Exercise objective:
Please reproduce all of the listing below exactly and drop its images.
═══ Source material ═══
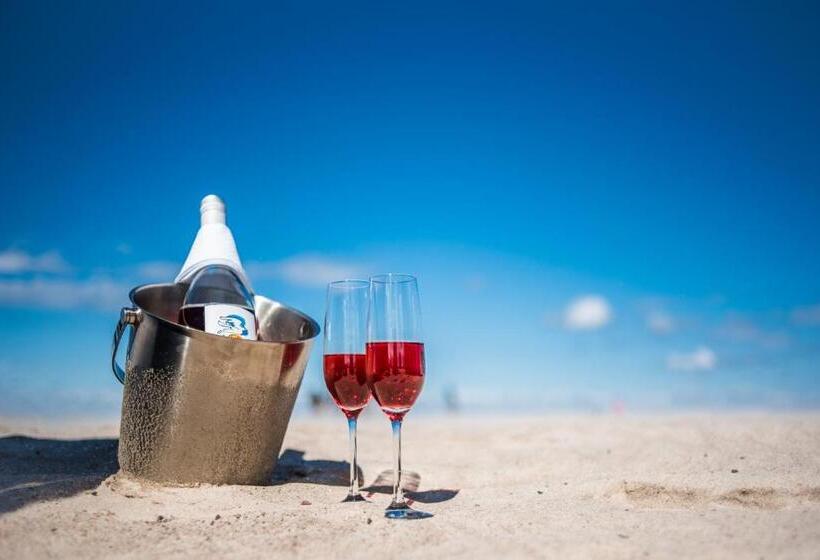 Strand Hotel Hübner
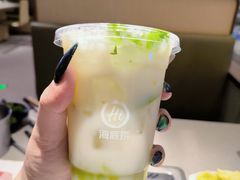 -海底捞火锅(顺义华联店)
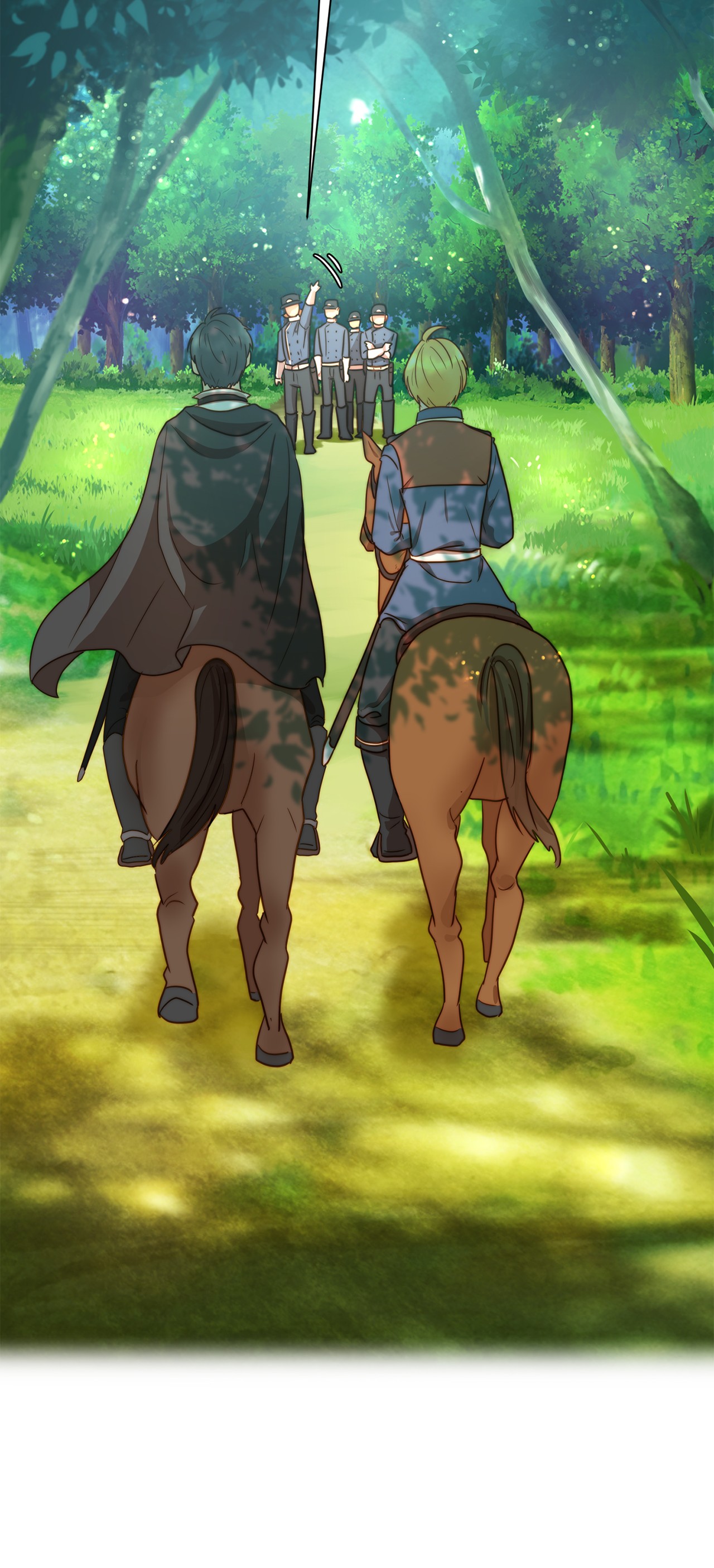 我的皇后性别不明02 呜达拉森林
═══
Result of this task:
 Strand Hotel Hübner
 -海底捞火锅(顺义华联店)
 我的皇后性别不明02 呜达拉森林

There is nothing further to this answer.